● **WHAT YOU ARE ASKED TO DO**:
Could you retype every line below exactly, omitting the images?

━━ DATASET SECTION

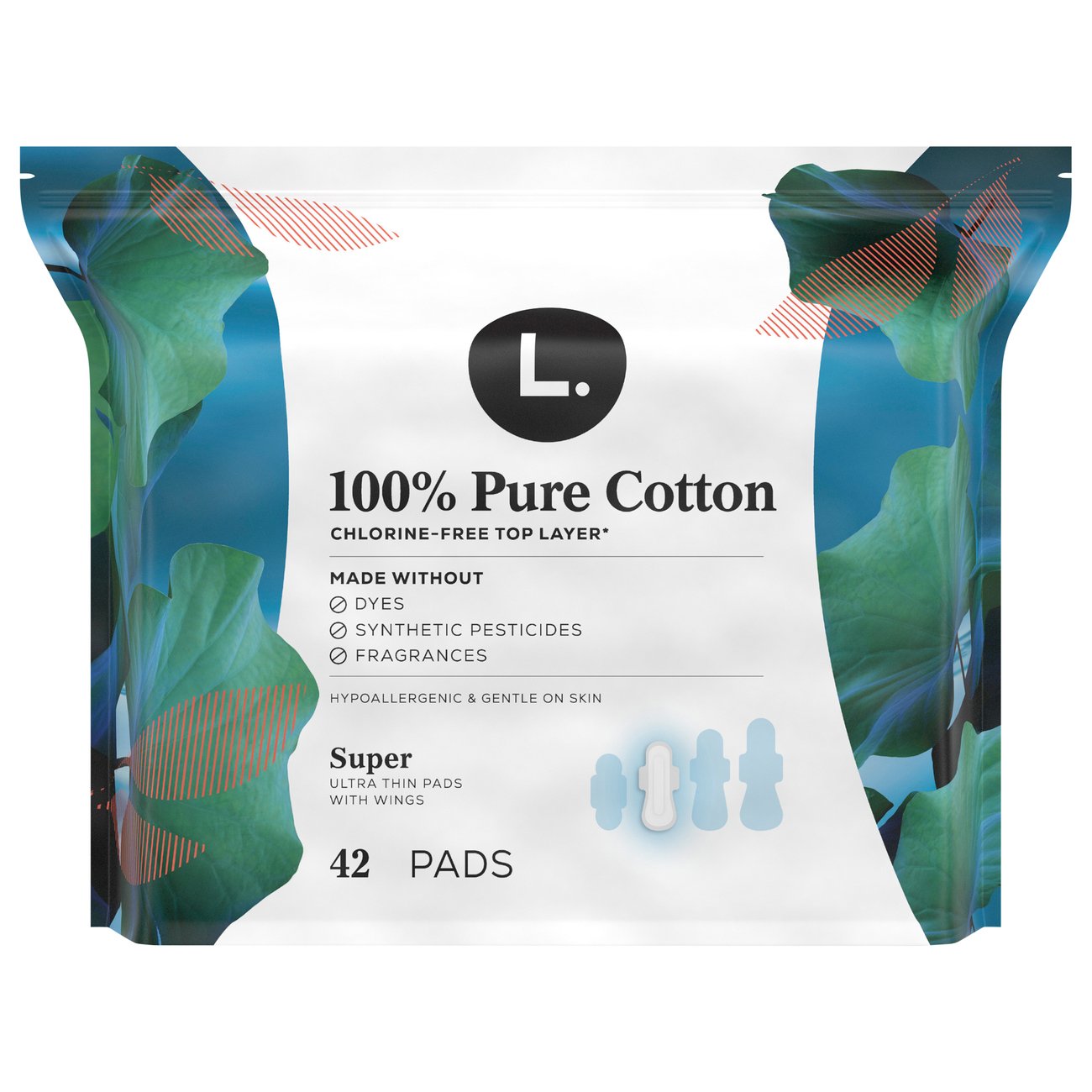 L. Chlorine Free Ultra Thin Pads Super Absorbency Organic Cotton - 42 Count  - Albertsons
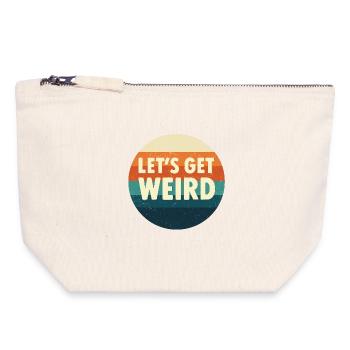 Let's Get Weird Retro Circle - Canvas Zip Pouch 18 x 19 cm - nature - Front
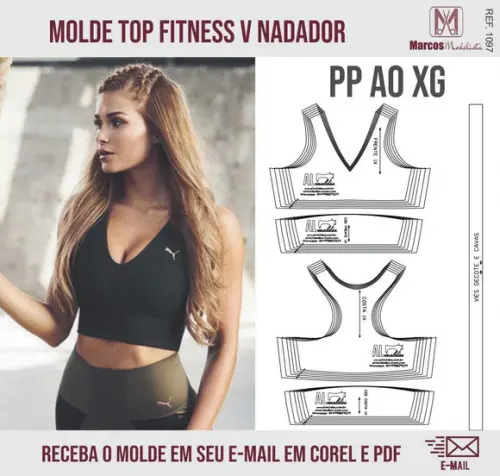 Molde Modelagem Top Fitness Costa Nadador 1097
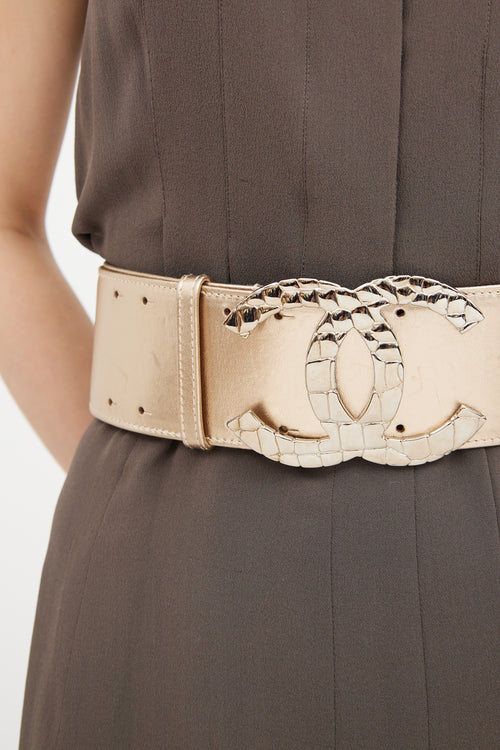 FW 2007 Leather Oversized Logo Belt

━━━━

● **TASK RESPONSE**:
 L. Chlorine Free Ultra Thin Pads Super Absorbency Organic Cotton - 42 Count  - Albertsons
 Let's Get Weird Retro Circle - Canvas Zip Pouch 18 x 19 cm - nature - Front
 Molde Modelagem Top Fitness Costa Nadador 1097
 FW 2007 Leather Oversized Logo Belt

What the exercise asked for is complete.